Each element has a distinct spectral fingerprint. When an element's gaseous state is heated, it will give off light. When this light is passed through a prism or diffraction grating, bright lines of different colors can be distinguished. Each element is slightly different from other elements. This discovery was the beginning of the study of spectroscopy.

### Rydberg Formula Equation

Johannes Rydberg was a Swedish physicist who attempted to find a mathematical relationship between one spectral line and the next of certain elements. He eventually discovered there was an integer relationship between the wavenumbers of successive lines.

His findings were combined with Bohr's model of the atom to give the formula:

1/λ = RZ^{2}(1/n_{1}^{2} - 1/n_{2}^{2})

where

λ is the wavelength of the photon (wavenumber = 1/wavelength)

R = Rydberg's constant (1.0973731568539(55) x 10^{7} m^{-1})

Z = atomic number of the atom

n_{1} and n_{2} are integers where n_{2} > n_{1}.

It was later found n_{2} and n_{1} were related to the principal quantum number or energy quantum number. This formula works very well for transitions between energy levels of a hydrogen atom with only one electron. For atoms with multiple electrons, this formula begins to break down and give results that are incorrect.
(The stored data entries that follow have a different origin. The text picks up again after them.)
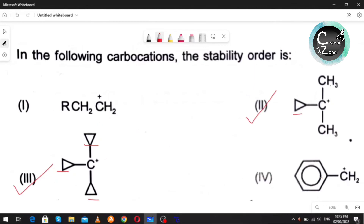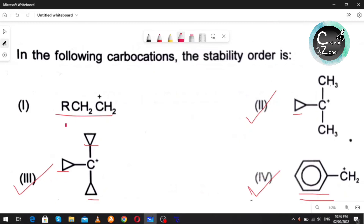After this, resonance is possible in case of this benzylic carbocation, so this will be more stable than this one. Therefore the order of stability will be: 3 > 2 > 4 > 1.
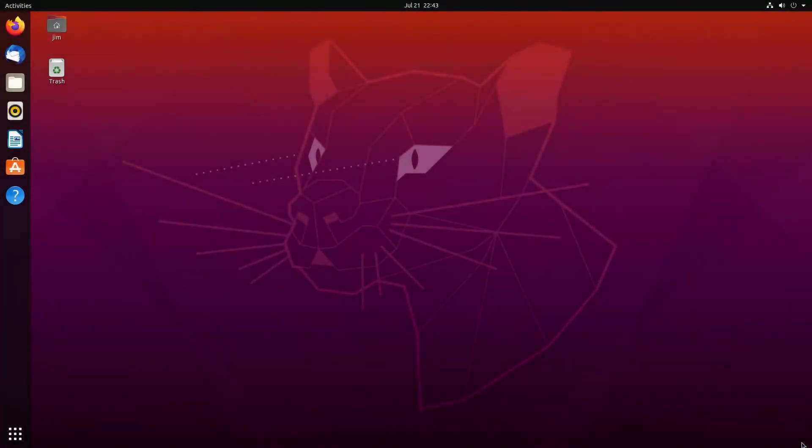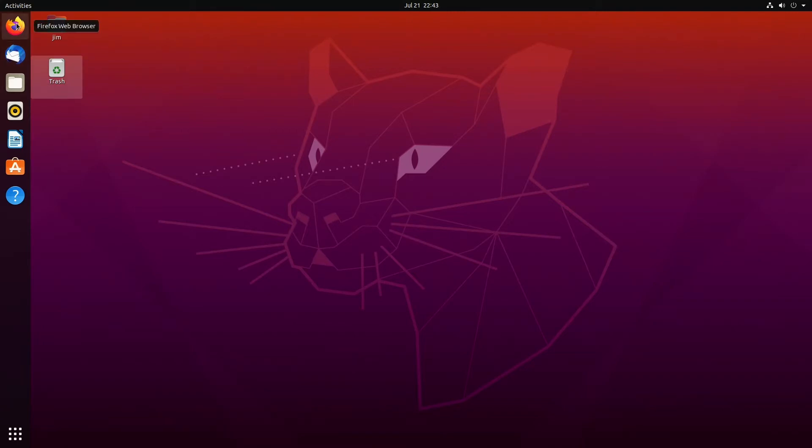Hello everyone, this is Franklin from StarryHope.com. Today I'll be showing you how to install Vivaldi on Ubuntu 20.04.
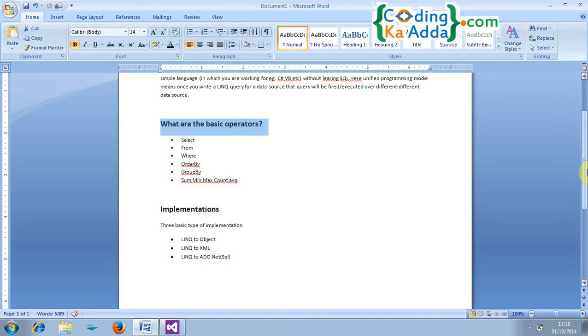So Microsoft introduced this framework LINQ in Visual Studio 2008. So what is LINQ? LINQ stands for Language Integrated Query. We can simply define it as a unified programming model and framework for writing SQL query in simple language without learning SQL.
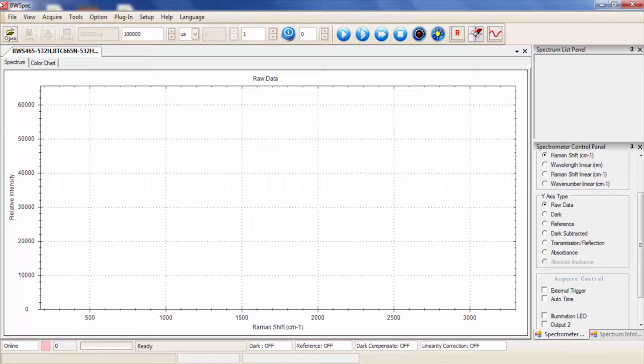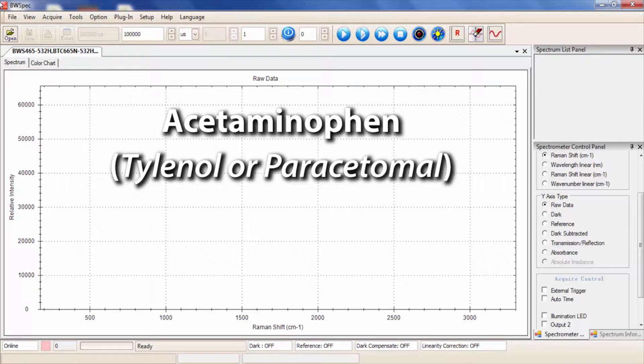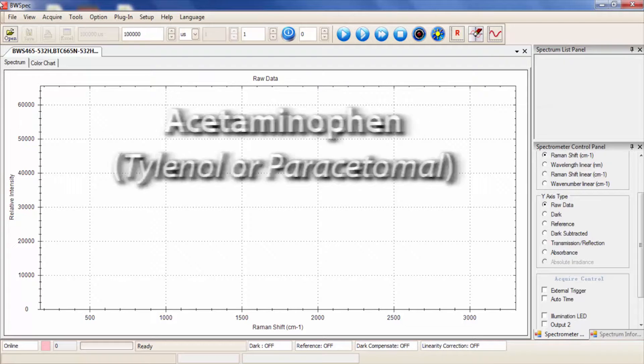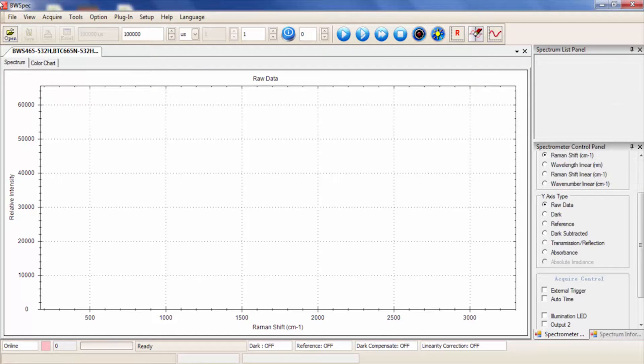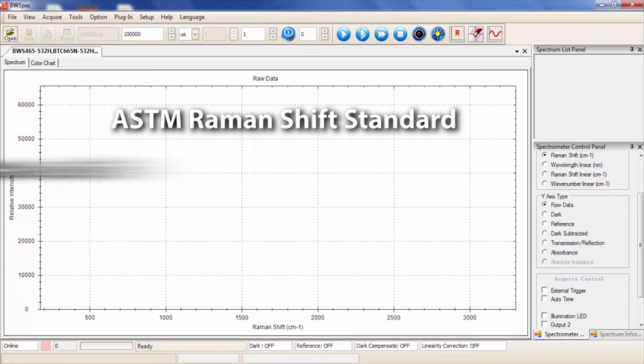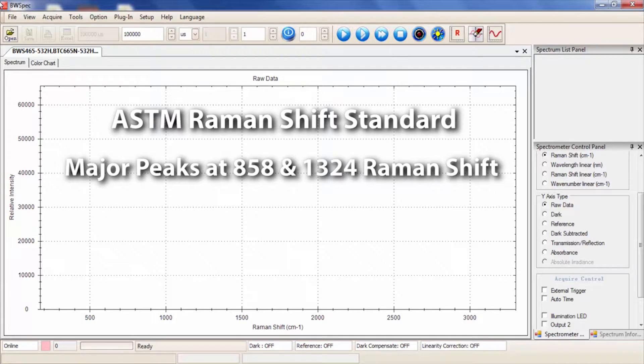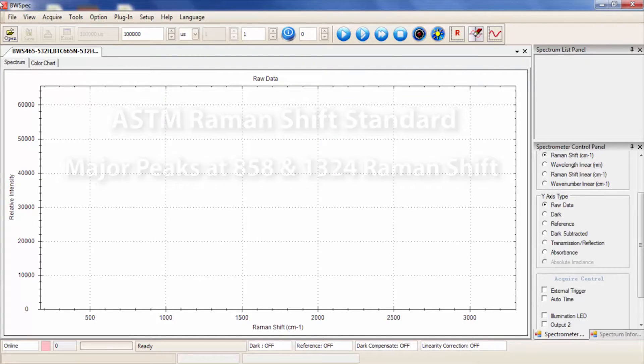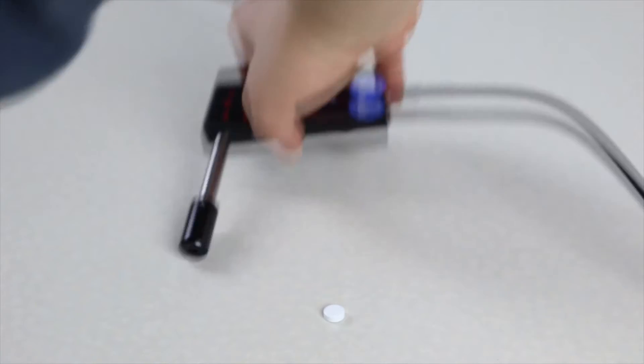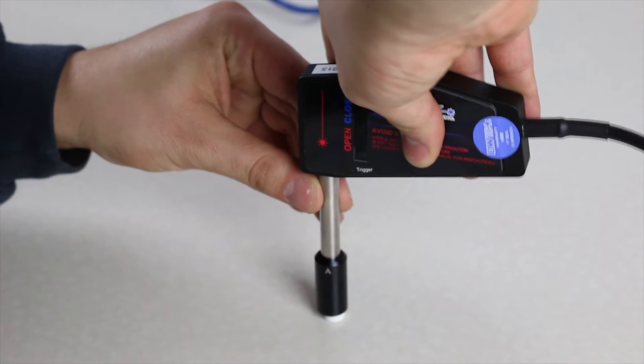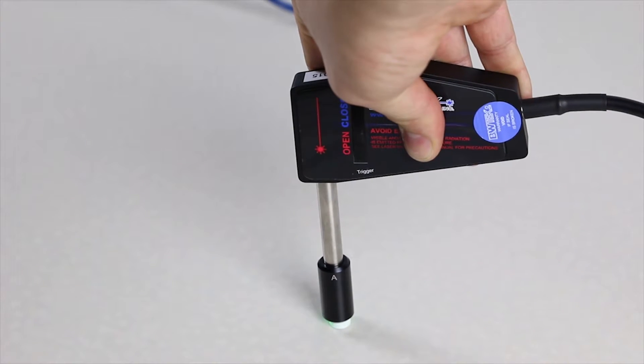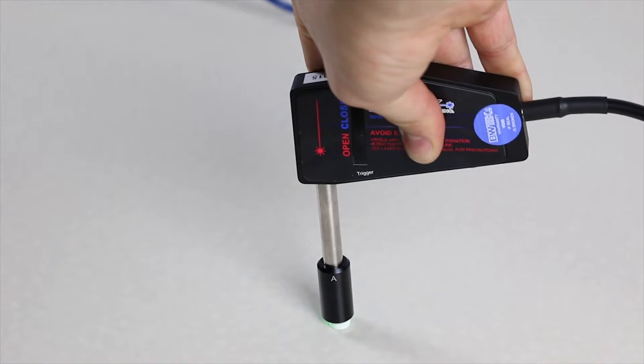On the unit side, we recommend you use acetaminophen tablets. A great example is Tylenol brand tablets, which also goes by the name paracetamol. Acetaminophen gives a great Raman response and is an ASTM Raman shift standard with major peaks at 858 and 1324 Raman shift. Take your probe using the black distance regulator and put it directly onto your tablet sample. Push the shutter into the open position.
The reason for the inaccuracy is that the amount of screening for inner electrons for outer electron transitions varies. The equation is too simplistic to compensate for the differences.

The Rydberg formula may be applied to hydrogen to obtain its spectral lines. Setting n_{1} to 1 and running n_{2} from 2 to infinity yields the Lyman series. Other spectral series may also be determined:

n_{1} | n_{2} | Converges Toward | Name |

1 | 2 → ∞ | 91.13 nm (ultraviolet) | Lyman series |

2 | 3 → ∞ | 364.51 nm (visible light) | Balmer series |

3 | 4 → ∞ | 820.14 nm (infrared) | Paschen series |

4 | 5 → ∞ | 1458.03 nm (far infrared) | Brackett series |

5 | 6 → ∞ | 2278.17 nm (far infrared) | Pfund series |

6 | 7 → ∞ | 3280.56 nm (far infrared | Humphreys series |

For most problems, you'll deal with hydrogen so you can use the formula:

1/λ = R_{H}(1/n_{1}^{2} - 1/n_{2}^{2})

where R_{H} is Rydberg's constant, since the Z of hydrogen is 1.

### Rydberg Formula Worked Example Problem

Find the wavelength of the electromagnetic radiation that is emitted from an electron relaxes from n = 3 to n = 1.

To solve the problem, start with the Rydberg equation:

1/λ = R(1/n_{1}^{2} - 1/n_{2}^{2})

Now plug in the values, where n_{1} is 1 and n_{2} is 3. Use 1.9074 x 10^{7} m^{-1} for Rydberg's constant:

1/λ = (1.0974 x 10^{7})(1/1^{2} - 1/3^{2})

1/λ = (1.0974 x 10^{7})(1 - 1/9)

1/λ = 9754666.67 m^{-1}

1 = (9754666.67 m^{-1})λ

1 / 9754666.67 m^{-1} = λ

λ = 1.025 x 10^{-7} m

Note the formula gives a wavelength in meters using this value for Rydberg's constant. You'll often be asked to provide an answer in nanometers or Angstroms.